The head of the space agency criticized the Air Force and the National Oceanic and Atmospheric Administration for a plan to launch some satellites aboard surplus missiles rather than using the space shuttle, and said it will cost NASA $500 million.
"I don't want to suggest that anything dark is going on here, but some people think this whole affair may be a heavy-handed scheme by the Air Force to give the shuttle a black eye," said NASA Administrator James M. Beggs.
"You know, the old syndrome that if it wasn't invented here at the Air Force it can't be all that good."
"I don't like it," Beggs told The Washington Post. "It is not good for our short-term future and makes it that much more difficult for us NASA to get on an even footing in the next five years."
At the heart of the feud is an Air Force decision to refurbish and redevelop obsolete Titan II intercontinental ballistic missiles to launch up to 12 Air Force satellites and three NOAA satellites that the National Aeronautics and Space Administration had assumed would be flying on its shuttle.
Beggs said he had long assumed that NOAA and the Air Force were committed to use the shuttle although no formal agreement had been signed. "I'm not worried about the long-term effects of this decision because there's a limit on the number of Titan IIs they have to move in on our business," he said. "What bothers me is that they decided to move in on us in the first place. It doesn't help NASA any."
When NOAA heard about the Air Force decision, its acting administrator, Anthony J. Calio, a former NASA official, contacted the Air Force about launching three advanced weather satellites called Metsat (for Meteorological Satellite) into polar orbit over the next seven years. "The Air Force has offered me a deal that's going to save me $90 million, and I'm going to take it," Calio said in an interview. "This agency has a budget of $1 billion a year so we're talking about 10 percent of our annual budget. This is strictly a business deal and nothing more than that."
Calio said the agency would have to spend $100 million to redesign the Metsats to fly on the shuttle, plus $105 million in launch fees. Calio said the Air Force will charge NOAA $115 million for the three Titan II launches, a net saving of $90 million.
Beggs said he does not think NOAA will save that much. He also said the Air Force is going to bear the refurbishment cost to redevelop the Titan II, a cost Beggs said could reach $100 million.
"I believe what we're talking here is a savings to NOAA and a net loss to the U.S. Treasury," Beggs said.

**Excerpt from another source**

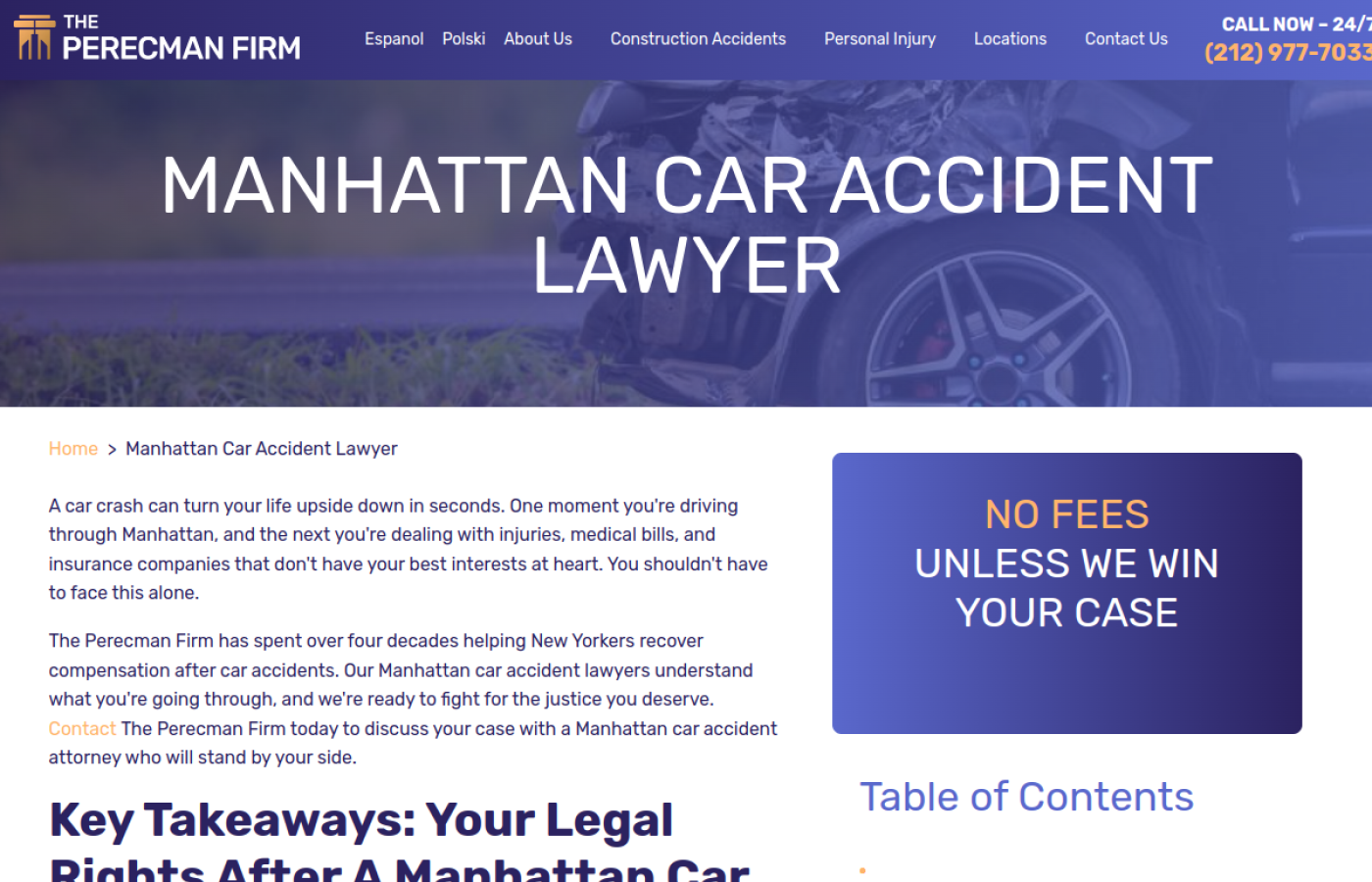 The Perecman Firm Manhattan car accident lawyer page, NYC car accident serious injury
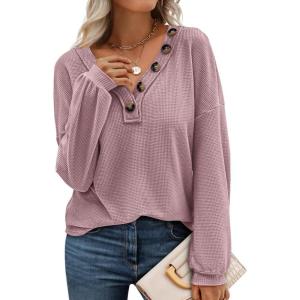 BTFBM Womens Fall Fashion 2025 Long Sleeve Shirts Spring V Neck Loose Casual Deco Button Lightweight Waffle Knit Tops(Pink)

"I think this whole scheme should be looked at very carefully by the administration and by Congress." Taking these satellites off the shuttle will cost NASA more than $500 million in lost business, he said.
Beggs said he is concerned that the Air Force plan could set a dangerous precedent. He said he worries that the new geographical survey Landsat satellite, not yet approved by the Reagan administration, might move to a Titan II and that some commercial customers might back away from the shuttle onto Titan IIs.
An Air Force spokesman declined to comment.